Agent Teams for Product Managers

I've been using Claude Code for a while now, primarily as my thinking partner and to ship side projects. Anthropic shipped Opus 4.6 with an experimental feature called Agent Teams: the ability to spin up multiple AI agents that work in parallel, each with their own context, and have them talk to each other.

As a PM, this is exactly what I do in my head and with my colleagues. Find ideas -> debate -> gather findings -> challenge findings -> kill ideas.

The prominent Agent Teams pitch is for engineering teams reviewing PRs and debugging code in parallel. I wanted to test something different: can Agent Teams help a PM stress-test a product hypothesis?

The setup

Ever since Apple Intelligence & Gemini Nano made their way to the market, I've been curious to gauge the abilty of on-device LLMs. I'd been putting this one off for a while so this seemed like a good test for Agent Teams.

My hypothesis: "On-device LLMs like Gemini Nano running in every Chrome browser could unlock product experiences that cloud APIs can't." On-device PII detection was my initial use case. Before asking Claude to invest in a single line of code, I wanted to know if the premise even holds.

So I spun up three agents in Claude Code:

An Opportunity Scout, tasked with finding use cases that ONLY make sense with on-device inference
An Enterprise PM, researching from the buyer's perspective: compliance, procurement, real budget
A Skeptic, whose only job was to challenge the other two. For every idea proposed, it had to answer: "Why wouldn't a cheaper cloud API solve this in 18 months?"

Then I asked the lead agent to coordinate, and watched.

Observing the agents in action

The agents generated 22 use cases & then started debating. The Skeptic killed 17 of them. Watching ideas get systematically destroyed was more valuable than the ideas that survived.

But what actually surprised me was what happened mid-debate. A framework emerged. Not from any single agent, but from the argument between them. The Skeptic kept asking "why can't cloud do this?" and eventually, the team converged on five conditions that ALL had to be true simultaneously for an on-device use case to survive:

High inference frequency (>10x per session)
Small input (<500 tokens per call)
Forgiving quality bar (no factual accuracy needed)
Architecturally impossible from cloud (not just better, ONLY possible on-device)
Latency-critical (<300ms)

That finding alone justified the experiment.

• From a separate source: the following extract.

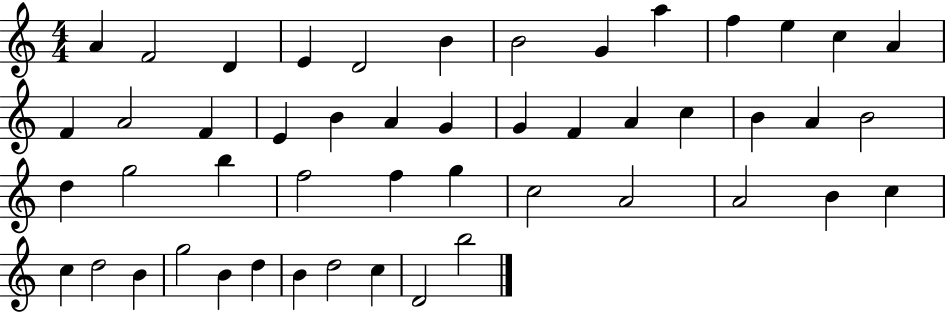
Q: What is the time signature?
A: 4/4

I didn't go looking for it and yet it emerged from agents arguing with each other, similar to how a real world scenario would look like.

Lead agent summarizing the findings & framework that emerged

I'd love to imagine myself coming up with 22 use cases and exploring/defending each of them with rigor. But at this pace? I doubt it.

Another "debate" moment that stood out: the agents genuinely participated & changed its mind(Skeptic, particularly). For example: Skeptic initially dismissed cost-based arguments entirely but the Enterprise PM pushed back with genuine data and the Skeptic conceded.

An AI agent, admitting it was using the wrong framework. That felt like watching a real cross-functional debate.

What I'd do differently

Full disclosure: the output had real gaps.

The agents claimed their findings were "web-research-backed" but cited zero sources. In retrospect, this seems like a 'me' problem. I didn't explicitly prompt the agents to cite sources with URLs for every quantitative claim. Lesson learnt: LLMs synthesize by default. If you want provenance, you have to ask for it.

The other gap: I couldn't see the agents' reasoning chain. I got opportunity verdicts ("SURVIVES," "KILLED") but not the full back-and-forth argumentation. I had to trust the synthesis without auditing the process. For a PM who makes decisions for a living, that's uncomfortable.

How's this different from sub-agents in Claude Code?

Sub-agents research independently and report back to a single coordinator. With subagents, I would've had full visibility into each agent's work inline in my session.

But subagents can't talk to each other. They can't debate. The 5-condition test emerged from direct argument between agents, not from a coordinator summarizing three independent reports.

I traded transparency for emergence. To me, that tradeoff is worth naming, because the choice between "I can audit everything" and "let the agents can challenge each other" is a genuine unlock.

To me, Agent Teams when provided with real organization & intiative context can be a force-multiplier for PMs. I like to think Agent Teams unlock "structured disagreement, at speed". A PM's judgment is still the final filter. But the raw material it operates on gets dramatically richer.

My take on how this shapes up

Imagine Agent Teams with real PM context: NPS verbatims, support ticket trends, competitive analyses, product usage data. Agents that can pull from your actual customer data and then debate whether Feature or Direction X is worthy to pursue. All backed by adversarial analysis grounded in business reality.